> Exercise
When you reach the line holding "Rocktile Pro S-Red" in the material below, return that line and each one after it, word for word, with the pictures dropped.

> Data section
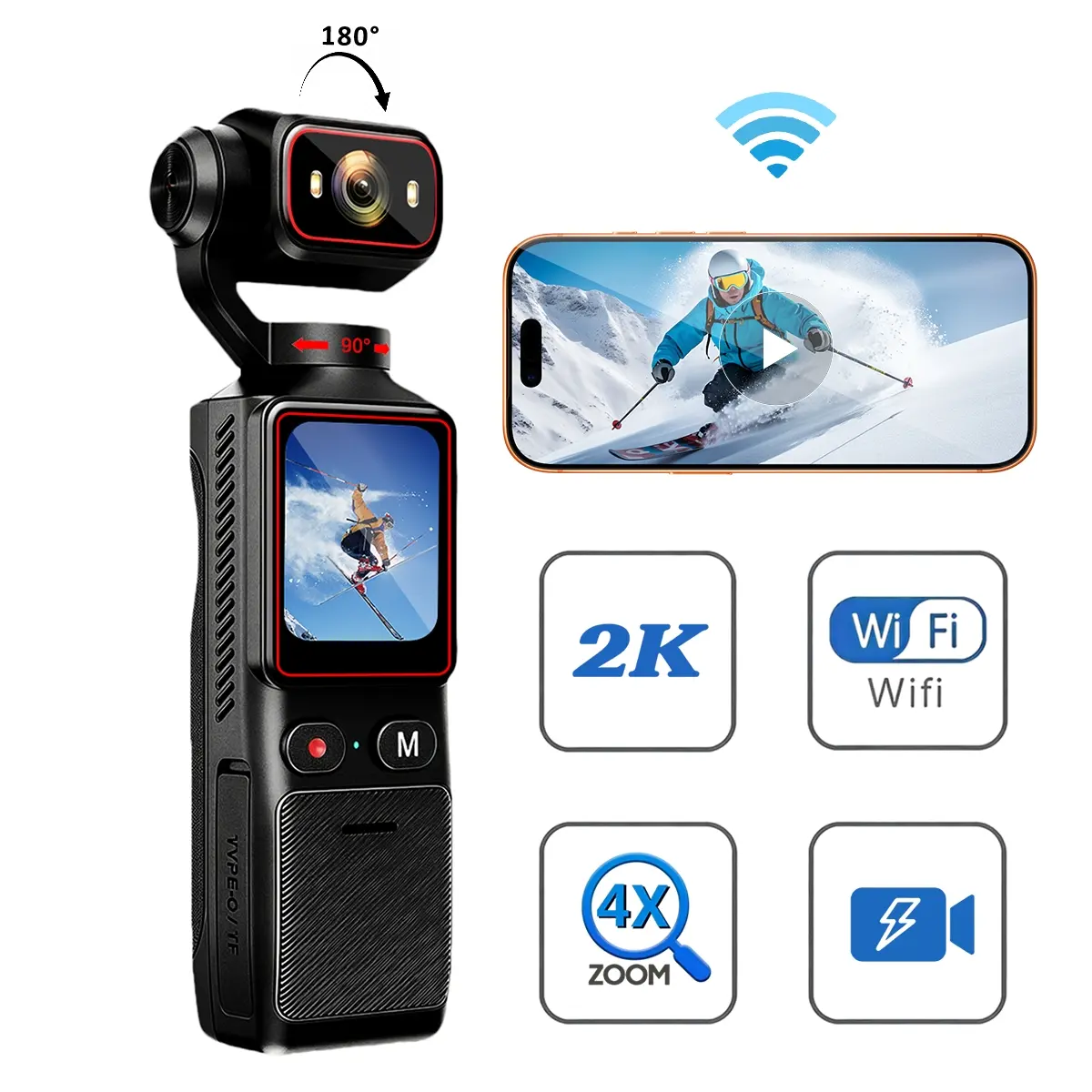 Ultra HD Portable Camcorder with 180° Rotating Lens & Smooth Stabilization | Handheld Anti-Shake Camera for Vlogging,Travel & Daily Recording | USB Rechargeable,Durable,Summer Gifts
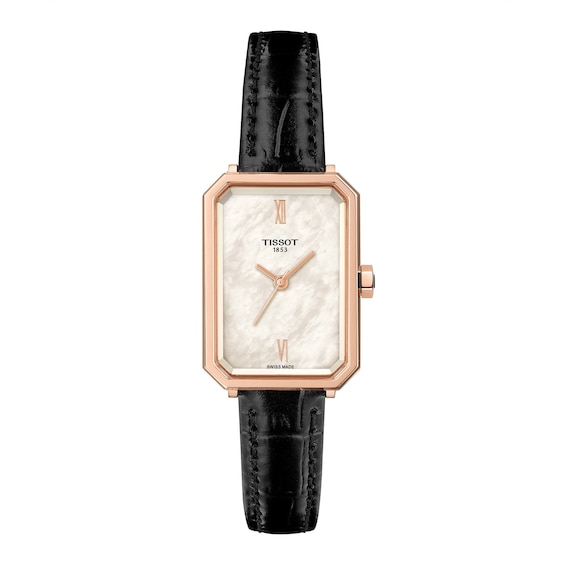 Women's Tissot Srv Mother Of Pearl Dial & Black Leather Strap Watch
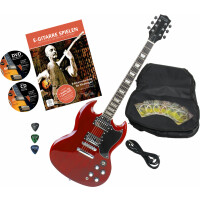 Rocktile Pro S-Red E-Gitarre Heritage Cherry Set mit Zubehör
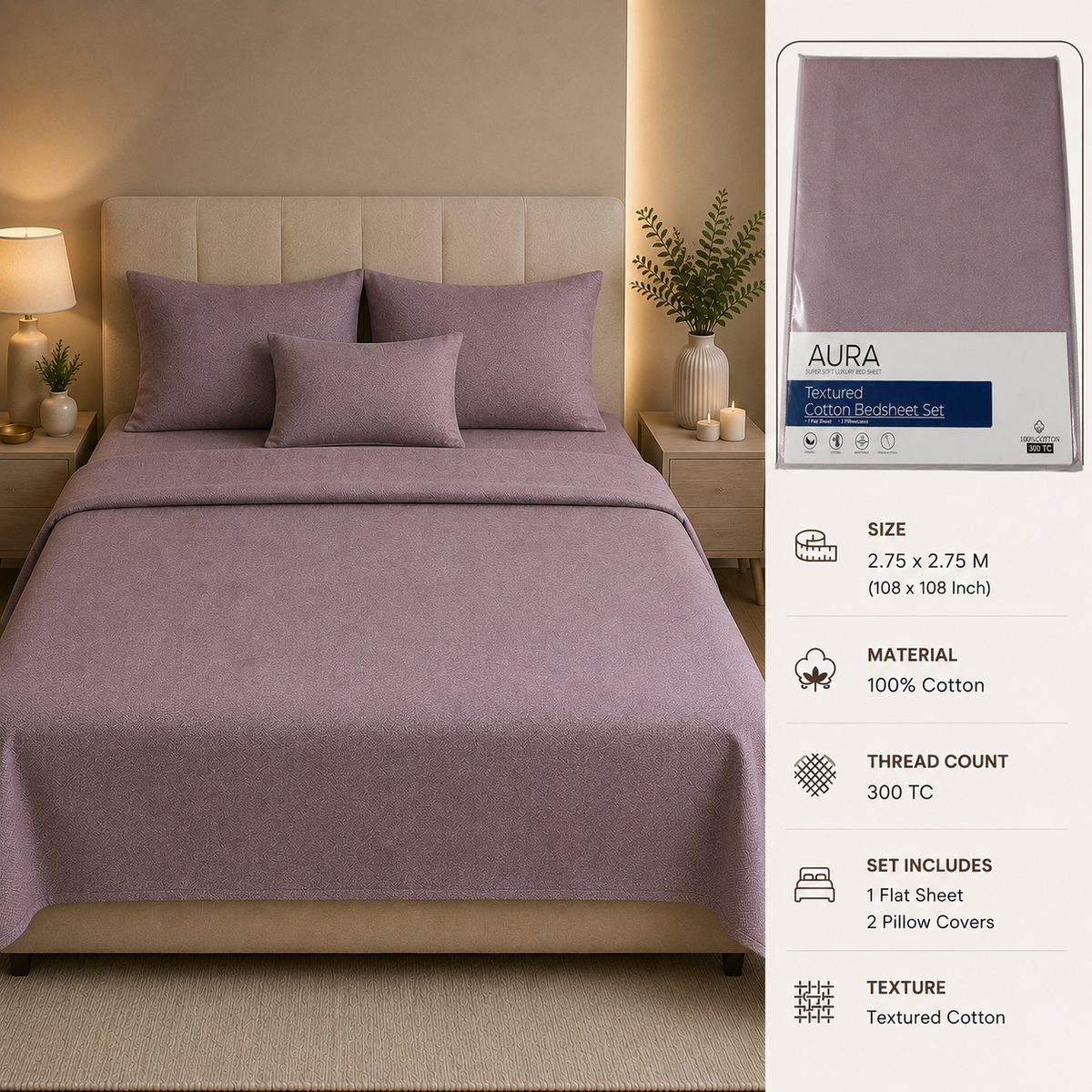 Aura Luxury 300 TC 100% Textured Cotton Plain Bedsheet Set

> Worked solution
 Rocktile Pro S-Red E-Gitarre Heritage Cherry Set mit Zubehör
 Aura Luxury 300 TC 100% Textured Cotton Plain Bedsheet Set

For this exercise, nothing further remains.